Hussien Hishmat: The 2026 Guide to Pulmonary Embolism – Diagnosis Decoded
Hussien Hishmat, Professor at Cairo University, Consultant interventional cardiologist at Tadawi Healthcare, Fellow at European Society of Cardiology, shared on LinkedIn:
”The ‘Great Masquerader’ has new rules.
The ACC AHA 2026 Pulmonary Embolism Guidelines just decoded the complexity of diagnosis.
Less unnecessary radiation, faster decisions.
Are you up-to-date on:
- How the YEARS Algorithm can cut CT use by nearly 50%?
- The Age-Adjusted D-dimer formula (for patients >50)?
- Why routine Venous Duplex is no longer recommended?
Don’t miss PE. Stay ahead of the curve with our complete breakdown of PE diagnosis.
Pulmonary Embolism (PE) remains one of the most challenging diagnoses in clinical practice.
Often called the ‘great masquerader,’ it easily mimics myocardial infarction, pneumonia, or even simple musculoskeletal pain.
Following the February 2026 Guidelines, we are refining how we approach the ‘Three Pillars’ of diagnosis: clinical probability, biomarkers, and imaging.
Here is what every clinician needs to know to stay ahead of the curve.
1. Clinical Probability: Beyond the ‘Sudden Onset’

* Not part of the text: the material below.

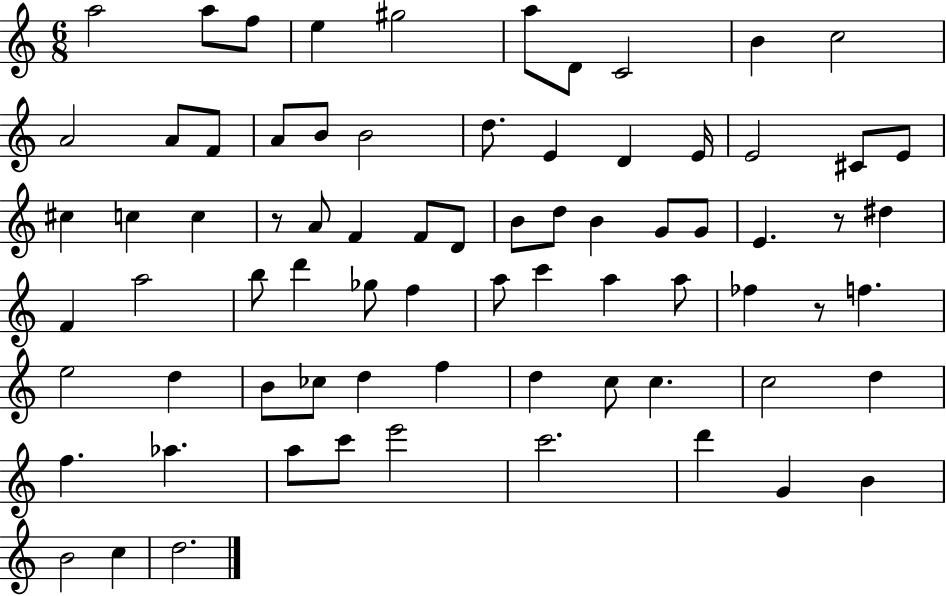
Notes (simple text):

A5/h A5/e F5/e E5/q G#5/h A5/e D4/e C4/h B4/q C5/h A4/h A4/e F4/e A4/e B4/e B4/h D5/e. E4/q D4/q E4/s E4/h C#4/e E4/e C#5/q C5/q C5/q R/e A4/e F4/q F4/e D4/e B4/e D5/e B4/q G4/e G4/e E4/q. R/e D#5/q F4/q A5/h B5/e D6/q Gb5/e F5/q A5/e C6/q A5/q A5/e FES5/q R/e F5/q. E5/h D5/q B4/e CES5/e D5/q F5/q D5/q C5/e C5/q. C5/h D5/q F5/q. Ab5/q. A5/e C6/e E6/h C6/h. D6/q G4/q B4/q B4/h C5/q D5/h.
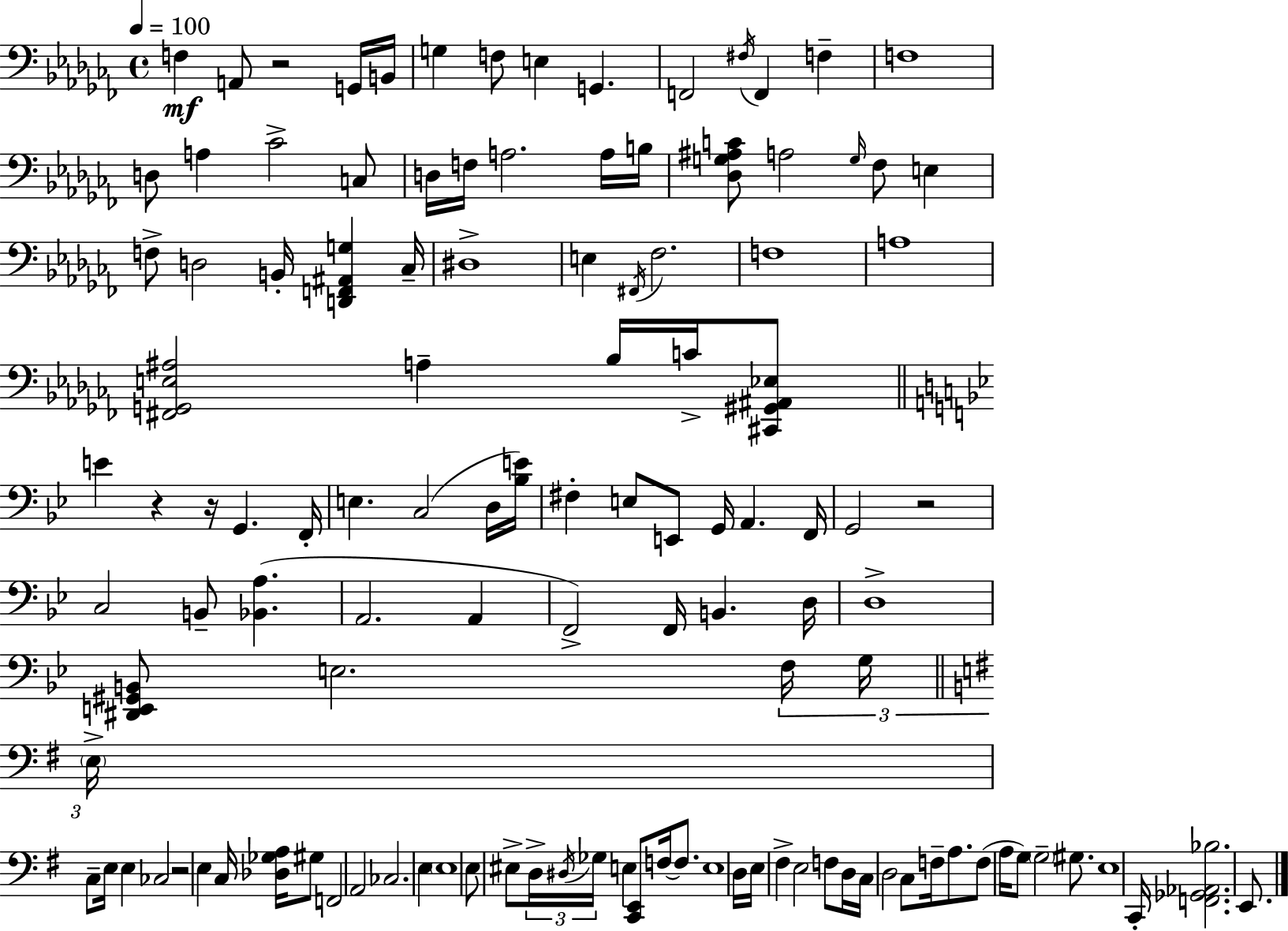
F3/q A2/e R/h G2/s B2/s G3/q F3/e E3/q G2/q. F2/h F#3/s F2/q F3/q F3/w D3/e A3/q CES4/h C3/e D3/s F3/s A3/h. A3/s B3/s [Db3,G3,A#3,C4]/e A3/h G3/s FES3/e E3/q F3/e D3/h B2/s [D2,F2,A#2,G3]/q CES3/s D#3/w E3/q F#2/s FES3/h. F3/w A3/w [F#2,G2,E3,A#3]/h A3/q Bb3/s C4/s [C#2,G#2,A#2,Eb3]/e E4/q R/q R/s G2/q. F2/s E3/q. C3/h D3/s [Bb3,E4]/s F#3/q E3/e E2/e G2/s A2/q. F2/s G2/h R/h C3/h B2/e [Bb2,A3]/q. A2/h. A2/q F2/h F2/s B2/q. D3/s D3/w [D#2,E2,G#2,B2]/e E3/h. F3/s G3/s E3/s C3/e E3/s E3/q CES3/h R/h E3/q C3/s [Db3,Gb3,A3]/s G#3/e F2/h A2/h CES3/h. E3/q E3/w E3/e EIS3/e D3/s D#3/s Gb3/s E3/q [C2,E2]/e F3/s F3/e. E3/w D3/s E3/s F#3/q E3/h F3/e D3/s C3/s D3/h C3/e F3/s A3/e. F3/e A3/s G3/e G3/h G#3/e. E3/w C2/s [F2,Gb2,Ab2,Bb3]/h. E2/e.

While we often teach the ‘classic’ presentation, the reality is more nuanced:
- Dyspnea is King: Present in 80% of cases.
- The Syncope Red Flag: Don’t overlook syncope or near-syncope; these often signify significant hemodynamic compromise or RV strain.

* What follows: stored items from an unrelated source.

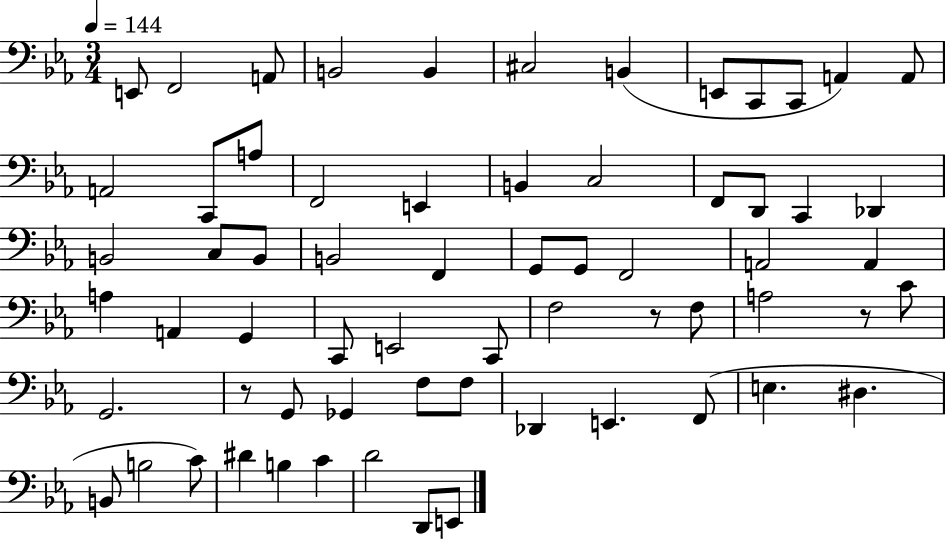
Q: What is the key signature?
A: EES major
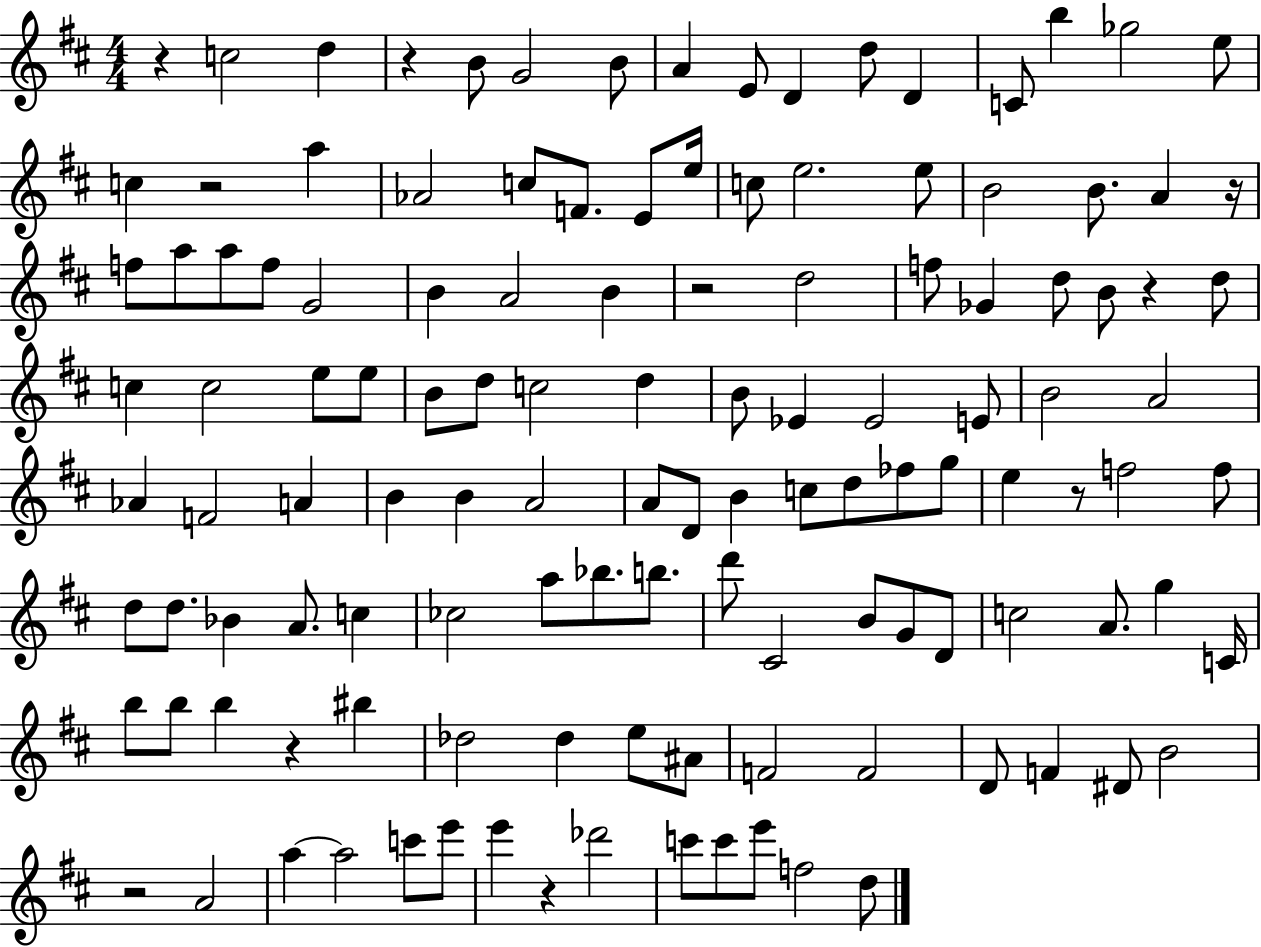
{
  \clef treble
  \numericTimeSignature
  \time 4/4
  \key d \major
  r4 c''2 d''4 | r4 b'8 g'2 b'8 | a'4 e'8 d'4 d''8 d'4 | c'8 b''4 ges''2 e''8 | \break c''4 r2 a''4 | aes'2 c''8 f'8. e'8 e''16 | c''8 e''2. e''8 | b'2 b'8. a'4 r16 | \break f''8 a''8 a''8 f''8 g'2 | b'4 a'2 b'4 | r2 d''2 | f''8 ges'4 d''8 b'8 r4 d''8 | \break c''4 c''2 e''8 e''8 | b'8 d''8 c''2 d''4 | b'8 ees'4 ees'2 e'8 | b'2 a'2 | \break aes'4 f'2 a'4 | b'4 b'4 a'2 | a'8 d'8 b'4 c''8 d''8 fes''8 g''8 | e''4 r8 f''2 f''8 | \break d''8 d''8. bes'4 a'8. c''4 | ces''2 a''8 bes''8. b''8. | d'''8 cis'2 b'8 g'8 d'8 | c''2 a'8. g''4 c'16 | \break b''8 b''8 b''4 r4 bis''4 | des''2 des''4 e''8 ais'8 | f'2 f'2 | d'8 f'4 dis'8 b'2 | \break r2 a'2 | a''4~~ a''2 c'''8 e'''8 | e'''4 r4 des'''2 | c'''8 c'''8 e'''8 f''2 d''8 | \break \bar "|."
}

- The Elderly Population: In patients with underlying lung or heart disease, look for worsening functional status rather than a dramatic onset of symptoms.
2. The Power of “Rule-Out” (PERC and YEARS)
Clinical intuition is vital, but objective scores determine our next steps.
- PERC Criteria: If your patient is low-risk, young (<50), and meets all PERC negative criteria (no tachycardia, no desaturation, no prior DVT), stop. No further testing is required.
- The YEARS Algorithm: This simplified approach uses three criteria (signs of DVT, hemoptysis, and whether PE is the most likely diagnosis).
3. D-Dimer: Age Matters
The D-dimer is an incredible tool for its negative predictive value, but it is notorious for ‘false positives’ in pregnancy, inflammation, or post-surgery.

Key 2026 Updates:
- Age-Adjusted Thresholds: For patients >50, use the formula: Age x 10 (e.g., a 70-year-old’s cutoff is 700 ng/mL).
The Anticoagulation Caveat: If a patient is already on therapeutic anticoagulation, D-dimer kinetics are unreliable. Skip the biomarker and proceed directly to imaging.
4. Imaging: Gold Standards and RV Strain
- CTPA (1A Recommendation): Still the first line. Beyond finding the clot, look for RV overload markers: an RV/LV ratio ≥ 0.9, septal bowing, or contrast reflux into the hepatic veins.
- V/Q Scans: Reserved for severe renal insufficiency or contrast allergies.
- The Shift in Venous Duplex: We are moving away from routine screening. Unless the patient has leg symptoms or we need a baseline after a confirmed PE, routine duplex is often an unnecessary cost.
The Bottom Line
Diagnosis is a staircase: Start with clinical probability.
If low, use PERC or YEARS to rule out. If high, go straight to CTPA.
By utilizing age-adjusted D-dimers and validated algorithms, we provide faster, more accurate care while reducing unnecessary radiation.”